● **Items from a dataset**
Segment Open

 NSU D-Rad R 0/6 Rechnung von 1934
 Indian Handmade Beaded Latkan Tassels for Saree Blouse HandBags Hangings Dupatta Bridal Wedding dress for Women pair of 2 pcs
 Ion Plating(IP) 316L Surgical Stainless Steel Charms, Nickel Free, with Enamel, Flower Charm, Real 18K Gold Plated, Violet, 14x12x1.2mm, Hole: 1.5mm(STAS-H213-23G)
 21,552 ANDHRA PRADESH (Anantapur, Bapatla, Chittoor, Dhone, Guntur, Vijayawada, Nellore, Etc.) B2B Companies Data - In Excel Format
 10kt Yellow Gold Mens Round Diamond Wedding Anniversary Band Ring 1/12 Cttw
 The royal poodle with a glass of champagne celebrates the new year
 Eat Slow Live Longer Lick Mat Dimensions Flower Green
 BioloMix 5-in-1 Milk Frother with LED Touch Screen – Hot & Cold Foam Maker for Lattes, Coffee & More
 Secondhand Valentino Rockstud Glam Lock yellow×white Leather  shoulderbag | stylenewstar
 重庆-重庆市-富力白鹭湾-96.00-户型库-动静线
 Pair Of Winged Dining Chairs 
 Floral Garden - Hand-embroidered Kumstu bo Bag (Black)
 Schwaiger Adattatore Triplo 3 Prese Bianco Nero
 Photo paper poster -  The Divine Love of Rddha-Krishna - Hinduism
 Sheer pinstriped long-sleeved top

Segment Closed

● **REQUIRED ACTION**
Nothing outside the span should appear: transcribe the lines from the one containing "21,552 ANDHRA PRADESH" through the last line of the records.

● **COMPLETED TASK**
 21,552 ANDHRA PRADESH (Anantapur, Bapatla, Chittoor, Dhone, Guntur, Vijayawada, Nellore, Etc.) B2B Companies Data - In Excel Format
 10kt Yellow Gold Mens Round Diamond Wedding Anniversary Band Ring 1/12 Cttw
 The royal poodle with a glass of champagne celebrates the new year
 Eat Slow Live Longer Lick Mat Dimensions Flower Green
 BioloMix 5-in-1 Milk Frother with LED Touch Screen – Hot & Cold Foam Maker for Lattes, Coffee & More
 Secondhand Valentino Rockstud Glam Lock yellow×white Leather  shoulderbag | stylenewstar
 重庆-重庆市-富力白鹭湾-96.00-户型库-动静线
 Pair Of Winged Dining Chairs 
 Floral Garden - Hand-embroidered Kumstu bo Bag (Black)
 Schwaiger Adattatore Triplo 3 Prese Bianco Nero
 Photo paper poster -  The Divine Love of Rddha-Krishna - Hinduism
 Sheer pinstriped long-sleeved top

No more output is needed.